I have been working on a problem that asks the following: given a matrix
$$\begin{pmatrix} 0 & 1 & 3\\ 3 & 1 & 0 \end{pmatrix},$$ I need to find a matrix $M$ such that $rank(M) = 1$ that better approximates A. That is, I have to find a matrix of type $$M = \begin{pmatrix} a & b & c\\ ra & rb & rc \end{pmatrix},$$ such that the (real) values $a, b, c, r$ are such that it minimizes the following expression:
$(a^2) + (1-b)^2 + (3-c)^2 + (3-ra)^2 + (1-rb)^2 + (rc)^2$ (that is, the Frobenius norm of the difference $A-M$).
I know that I can do it by finding the minimmum of a function on 4 variables. But I was trying to find a better and clever way to do this, but I wasn't able to do so.
I would appreciate if you could come up with any ideas that could make this problem more easy to solve.
(Edit 1) Maybe an idea could arise out of a decomposition of this matrix into a product (for instance, LU decomposition or something like this).
The EYM theorem states that this approximation may be obtained using the singular value decomposition. In particular, we proceed as follows.

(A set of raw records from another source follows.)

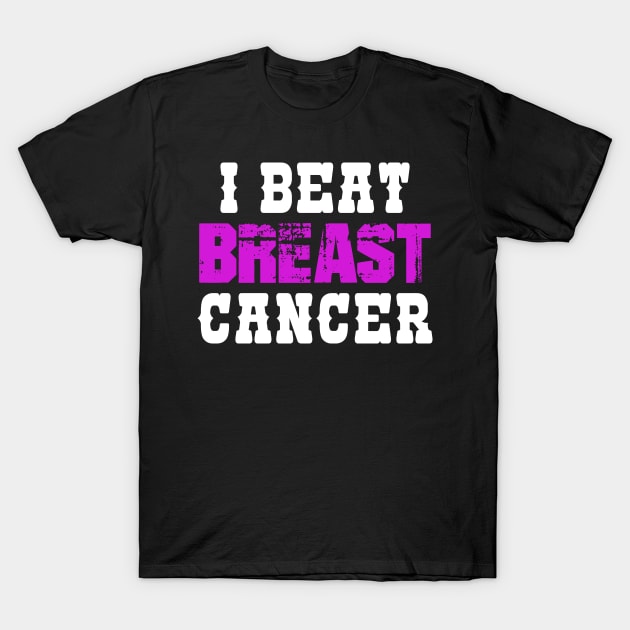 I Beat Breast Cancer T-Shirt by zeedot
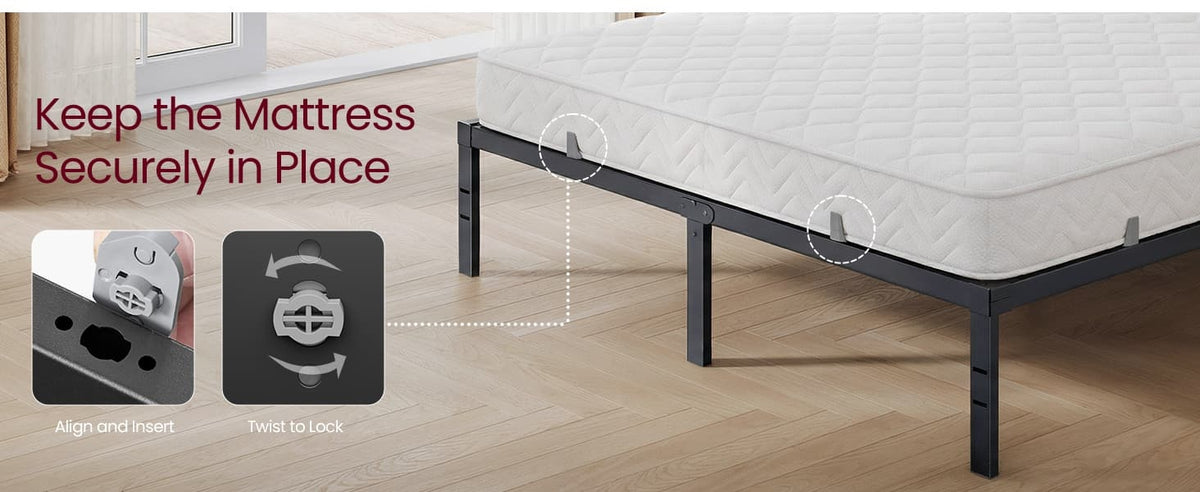 Heavy Duty Metal Bed Frame With Under Bed Storage, 550 lb Capacity - product photo 37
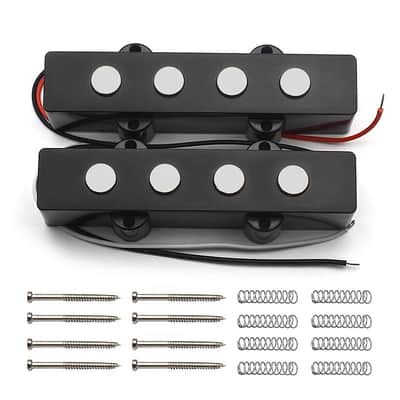 Flat Pole 4 String Jazz Bass Style Pickups Set image 1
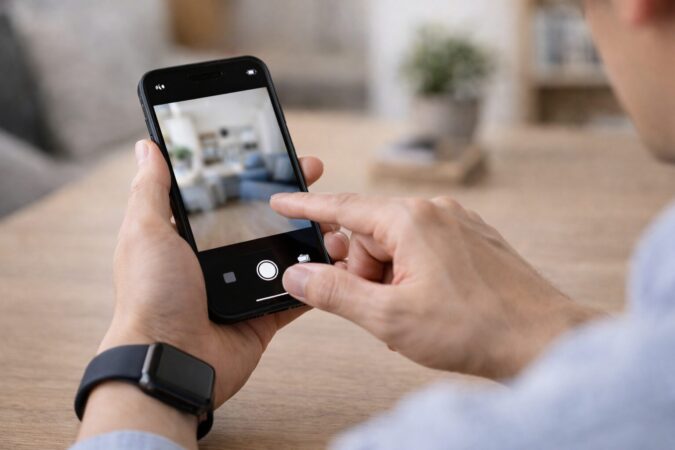 iPhone単体でカメラ映像が映るか確認し、インカメラとアウトカメラを切り替えて原因を切り分ける様子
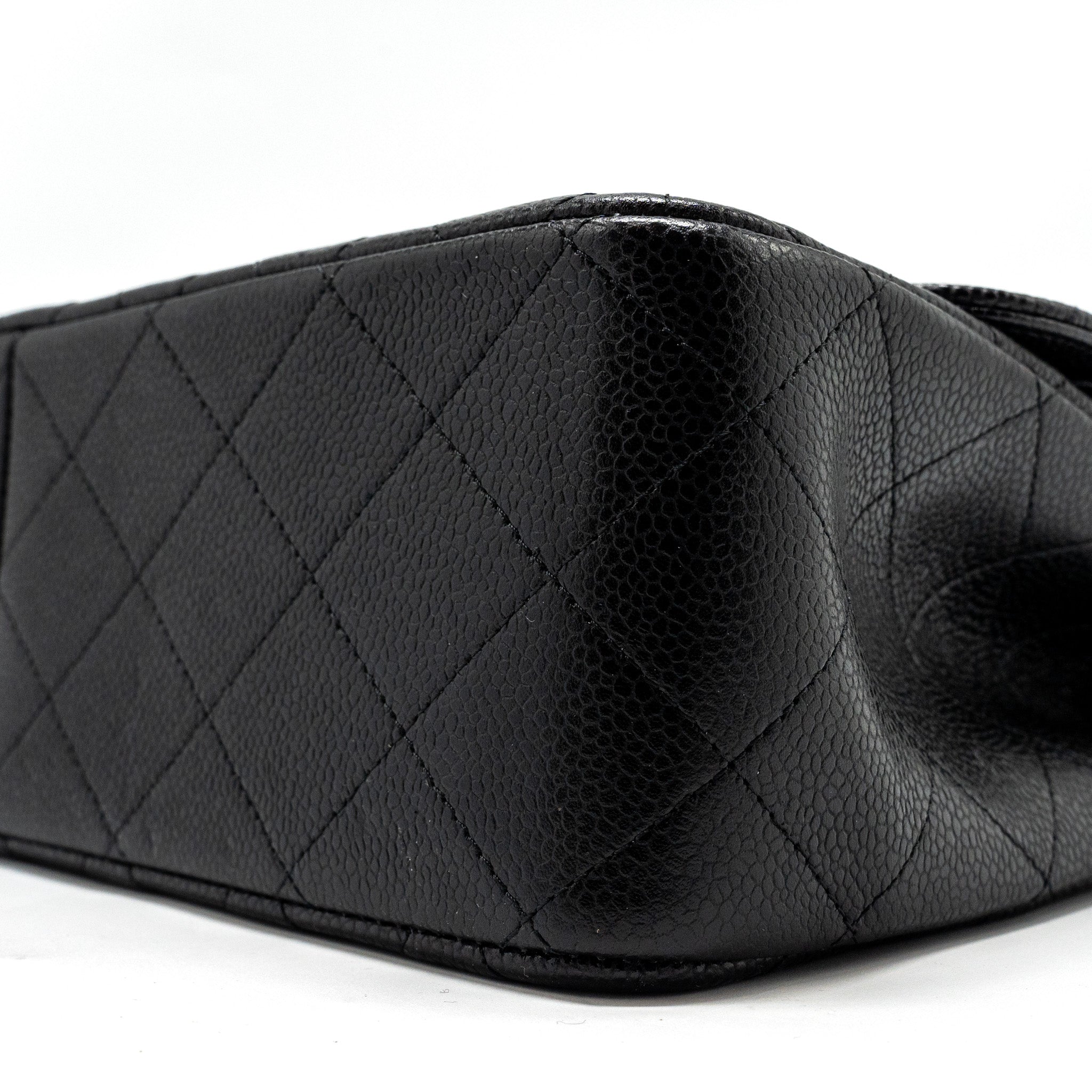 CHANEL JUMBO CLASSIC DOUBLE FLAP BAG CAVIAR BLACK SHW
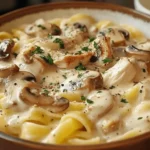 Pâtes crémeuses avec poulet, champignons et sauce au parmesan servies dans une assiette élégante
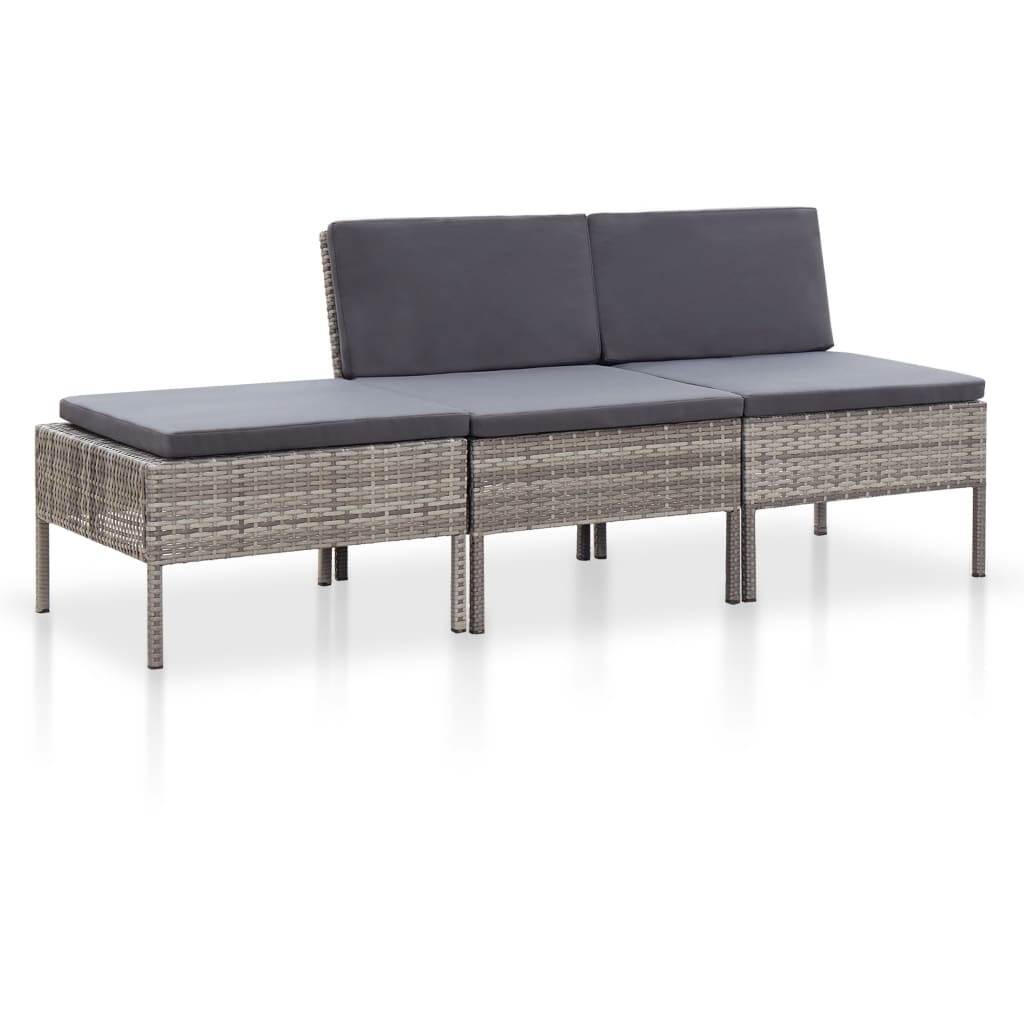 Set de muebles de jardín 10 pzas cojines ratán sintético negro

Begin by computing the singular value decomposition $A = U \Sigma V^T$, where $$ A = \pmatrix{0 & 1 & 3\\ 3 & 1 & 0}, \quad U = \frac 1{\sqrt{2}}\pmatrix{1&-1\\1&1}, \quad \Sigma = \pmatrix{\sqrt{11}\\ & 3}, \quad \\ V = \pmatrix{ 3/\sqrt{22} & 1/\sqrt{2} & 1/\sqrt{11}\\ \sqrt{2/11} & 0 & -3/\sqrt{11}\\ 3/\sqrt{22} & -1/\sqrt{2} & 1/\sqrt{11}}. $$ Then, compute the rank-1 "truncated SVD" $M = U \hat \Sigma V$, where $$ \hat \Sigma = \pmatrix{\sqrt{11}&0\\0&0}. $$ Equivalently, we find $$ M = \sqrt{11} \cdot \frac 1{\sqrt{2}}\pmatrix{1\\1}\pmatrix{3/\sqrt{22} & \sqrt{2/11} & 3/\sqrt{22}} \\ = \left(\begin{matrix}1.5 & 1.0 & 1.5\\1.5 & 1.0 & 1.5\end{matrix}\right). $$